Exercise requirements: A bare number is the expected answer: the count of lines in the records that contain the word "ANIC".

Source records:
------------------------------------------------

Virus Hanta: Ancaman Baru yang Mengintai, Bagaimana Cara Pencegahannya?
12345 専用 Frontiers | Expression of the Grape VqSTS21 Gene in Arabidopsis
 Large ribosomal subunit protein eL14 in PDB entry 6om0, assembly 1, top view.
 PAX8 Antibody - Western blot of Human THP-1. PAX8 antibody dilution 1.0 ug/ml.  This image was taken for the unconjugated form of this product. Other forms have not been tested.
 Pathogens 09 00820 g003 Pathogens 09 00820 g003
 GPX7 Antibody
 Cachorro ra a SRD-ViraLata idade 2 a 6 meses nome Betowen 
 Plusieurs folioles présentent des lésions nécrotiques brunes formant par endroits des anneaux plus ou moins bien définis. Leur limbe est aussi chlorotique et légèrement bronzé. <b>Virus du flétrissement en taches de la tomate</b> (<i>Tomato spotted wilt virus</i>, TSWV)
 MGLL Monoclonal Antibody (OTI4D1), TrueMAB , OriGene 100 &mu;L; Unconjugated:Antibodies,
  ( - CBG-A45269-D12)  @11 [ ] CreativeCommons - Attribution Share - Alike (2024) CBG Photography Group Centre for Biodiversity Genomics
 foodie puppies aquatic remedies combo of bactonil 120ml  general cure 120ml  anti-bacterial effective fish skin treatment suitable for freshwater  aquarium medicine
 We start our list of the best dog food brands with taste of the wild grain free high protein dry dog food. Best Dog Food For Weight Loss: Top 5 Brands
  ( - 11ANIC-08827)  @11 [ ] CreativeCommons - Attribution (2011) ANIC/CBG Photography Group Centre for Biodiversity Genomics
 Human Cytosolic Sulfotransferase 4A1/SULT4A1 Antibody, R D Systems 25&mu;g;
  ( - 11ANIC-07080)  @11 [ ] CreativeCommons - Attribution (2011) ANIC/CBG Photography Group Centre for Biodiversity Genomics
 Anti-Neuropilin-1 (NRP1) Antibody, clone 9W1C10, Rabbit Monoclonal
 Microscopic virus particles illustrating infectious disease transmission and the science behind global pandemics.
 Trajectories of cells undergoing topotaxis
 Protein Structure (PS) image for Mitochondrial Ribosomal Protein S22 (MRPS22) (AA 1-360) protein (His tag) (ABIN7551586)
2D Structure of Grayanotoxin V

------------------------------------------------

Output for this exercise: 2